Decentralized AI agents monitoring Ethereum via Gensyn AXL P2P mesh and KeeperHub execution.
TriGuard eliminates the single point of failure in blockchain security monitoring. Instead of trusting one centralized bot, three fully independent AI agents each analyze live Ethereum Sepolia blocks and flag high-gas anomaly transactions. They communicate exclusively over Gensyn AXL — a decentralized peer-to-peer overlay network — to cast and collect votes without any central message broker.
Only when a majority consensus (2-of-3 agents) is reached does the system escalate. At that point, TriGuard invokes KeeperHub's execution layer via a webhook, passing the full raw transaction calldata. KeeperHub then runs its Web3 Risk Assessment AI, which simulates the transaction, decodes the function signature, and returns a structured risk report with a numeric score (0–100), risk level, and reasoning. This result is streamed in real-time to a live Awwwards-inspired dashboard built with GSAP and Lenis.
The result is a fully decentralized, two-layer security pipeline: Layer 1 (AXL) catches anomalies through consensus, and Layer 2 (KeeperHub) performs deep chain-level threat intelligence.
TriGuard is built entirely in Python, with three independent agent processes each running alongside a dedicated Gensyn AXL node binary. Each AXL node is configured to peer with the Gensyn Yggdrasil backbone, forming a real decentralized P2P mesh — no Redis, no Kafka, no central broker of any kind. Agents use Web3.py over an Alchemy RPC to poll live Ethereum Sepolia blocks and flag high-gas anomaly transactions. Votes are broadcast between agents exclusively through AXL's HTTP /send and /recv endpoints, and a custom 2-of-3 consensus engine determines when an alert should fire.

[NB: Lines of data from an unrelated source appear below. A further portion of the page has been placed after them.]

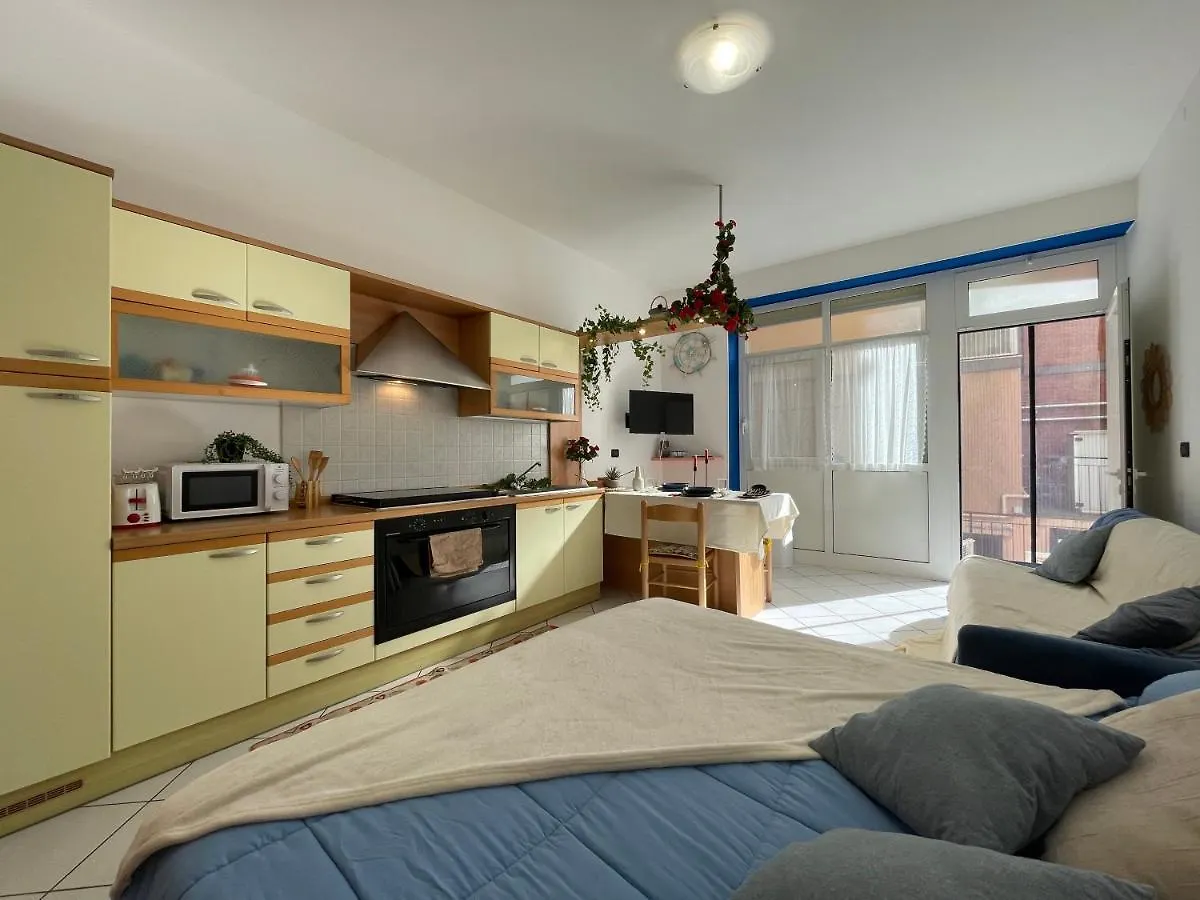 Lungomare 2 Locali Sul Mare Con A/C Apartment Borghetto Santo Spirito Italy
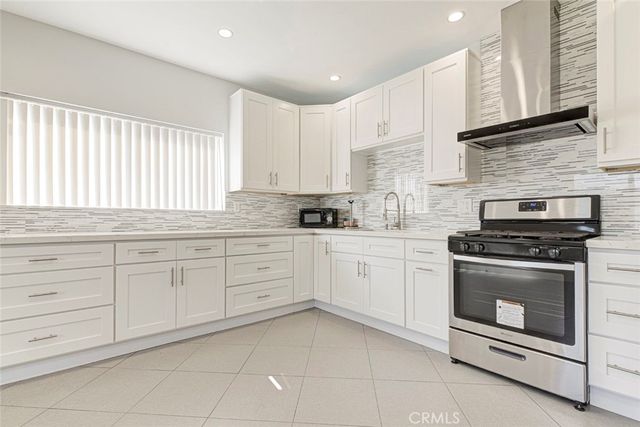 14728 Kingsbury Street, San Fernando, CA 91345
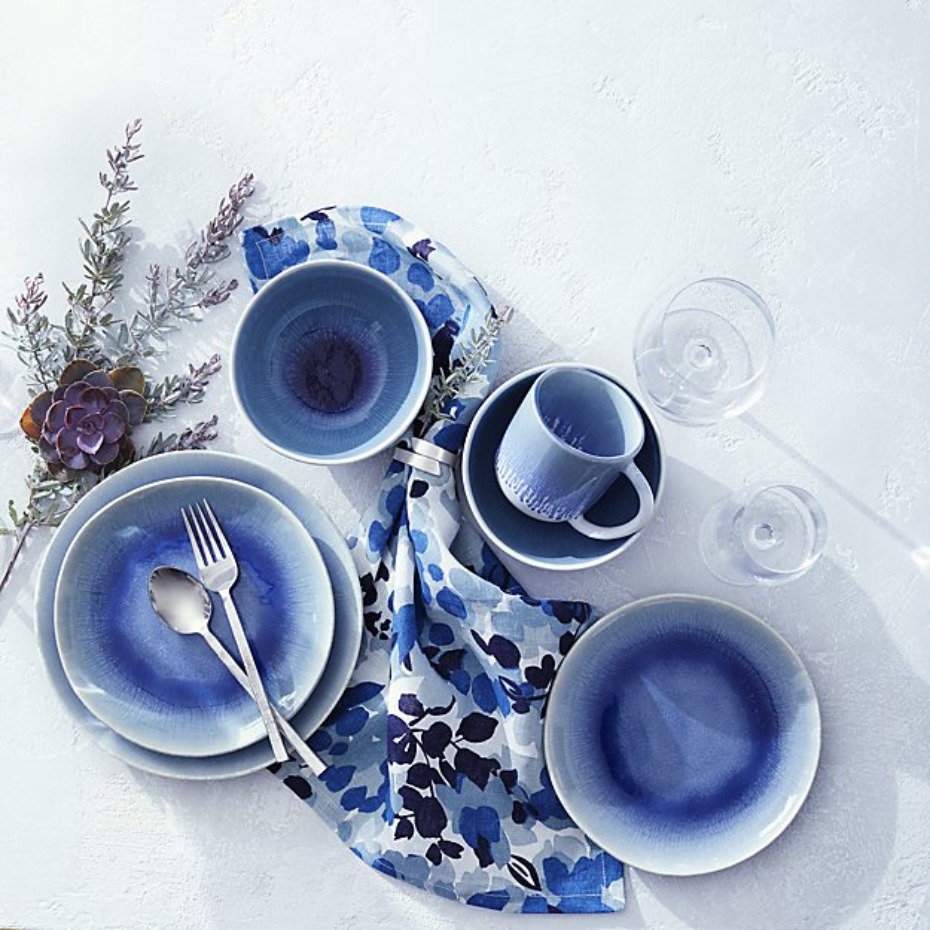 Crate and Barrel Caspian 4-Piece Blue Reactive Glaze Dinnerware Set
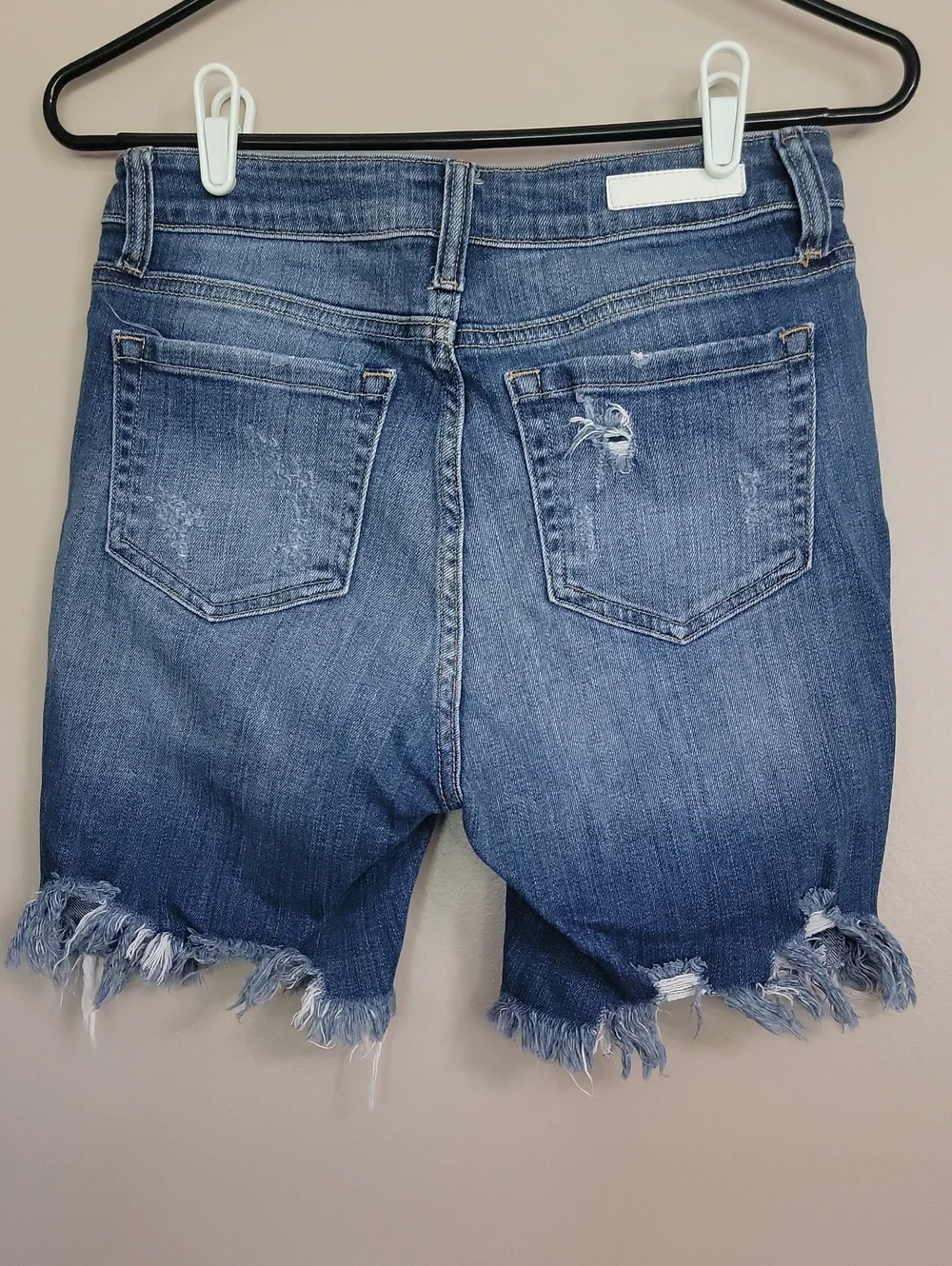 Cello Distressed Jean Shorts With Frayed Hem Size 5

The hackiest part of the project was getting three AXL nodes to peer with each other on the same MacOS machine. By default, MacOS does not route Yggdrasil IPv6 overlay addresses, so nodes couldn't see each other via their public IPs. The fix was setting a uniform tcp_port: 7000 across all node configs so the internal gVisor virtual network stack could route them through the Gensyn backbone instead of directly.
On the KeeperHub side, we use its Webhook node as the entry point, the Web3 Risk Assessment node to simulate the flagged transaction and generate a formal AI threat report (risk score 0–100, risk level, reasoning), and an HTTP Request node to POST that result back to our Flask dashboard's /api/risk endpoint. This turns KeeperHub into a true decentralized execution and intelligence layer, not just a notification tool. The frontend is vanilla HTML/CSS powered by GSAP and Lenis for an Awwwards-style dark animated dashboard, with Flask Server-Sent Events streaming all data live to the browser the moment KeeperHub returns its risk verdict.